TPS held its seventh annual Multicultural Night as representatives from more than a dozen countries shared music, art and heritage with students and parents who, equipped with their own passport, embarked on a hopscotch trek spanning five continents. 
“We have a very diverse population here in Thomasville,”  Principal Angela Moore said. “We want all different countries and cultures to be exposed. We want our students to learn not only about our cultures but other cultures as well.”
TPS beamed in color and sound with native flutes and steel drums echoing amidst customary dress, paintings and antiquity. Multicultural Night continues to grow with 20 countries marking a high for the seven-year event.
“I feel like we get bigger and bigger every year and it’s a good thing,” said first grade teacher Farzana Basam, who represented Afghanistan. “I feel like we get more and more diverse every year. It’s good to bring diversity to the kids here. I love seeing their faces as they go around.”
Among the representatives were a group of exchange students from Davidson County Community College. Envonam Maglo said she enjoyed seeing how interested children were in her native Ghana, a country in West Africa. Maglo said the biggest difference between her home country and America not only is the music, dress and food, but holidays such as Christmas and Thanksgiving. 
“This is a great opportunity for me,” Maglo said. “It’s great to see the young ones learning so quick about all the other countries. It’s fantastic. If we had those privileges when we were young I believe we would know thousands of things we do not know.”
Debra Terry, a  kindergarten teacher, said the idea for Multicultural Night came to her after she visited a school her daughter was teaching at in Charlotte. The school was very diverse and held an annual international night. Terry and a few colleagues went and came back to Thomasville with a plan to do something similar in the Chair City.
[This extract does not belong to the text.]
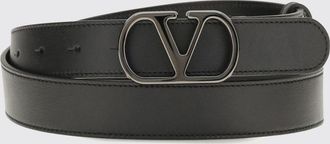 Valentino Garavani VLogo Signature Belt in Smooth Calfskin Leather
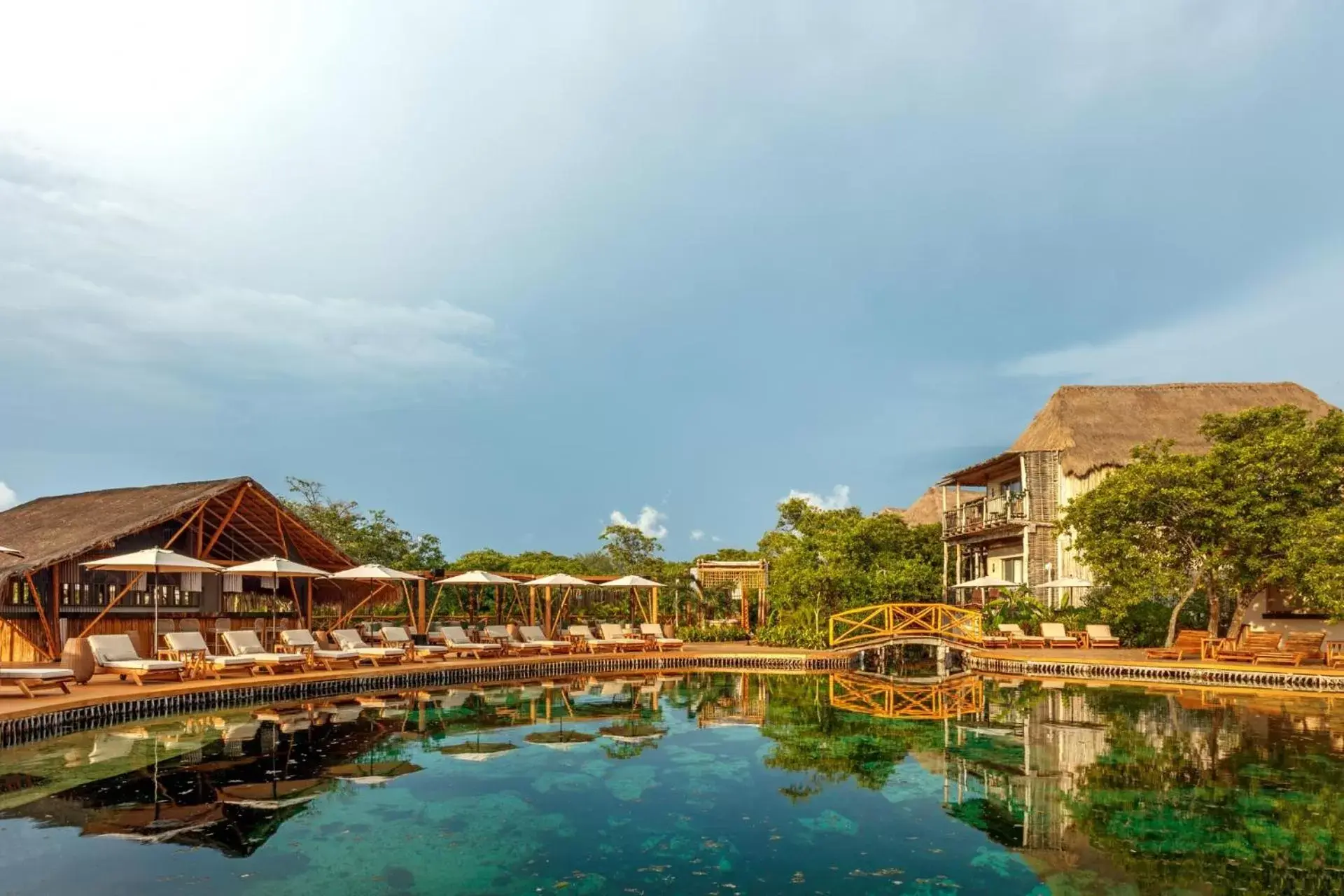 Swimming pool in Hotel Shibari - Restaurant & Cenote Club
“I said ’we can do this,’” Terry said. “I think it’s important to learn about cultures from around the world because many of them are represented right here in our own school by the students we teach. I feel like it’s very important.”
Once visitors completed the around-the-world tour, they could cross a hallway where a variety of international activities awaited. Tables offering God’s eye weaving, necklace making and flower design gave students a chance to take a piece of another culture home with them featuring their own personal touch. Multicultural Night concluded with performances from a group of African dancers and the Girls Fit Club.
Countries represented at Multicultural Night included Pakistan, Mexico, Afghanistan, Native America, Trinidad, Guinea Bissau in West Africa, Romania, Colombia, Australia, Ecuador, Cambodia, Egypt, Sweden, China, South Africa, Kenya, Ghana, Costa Rica and Brazil.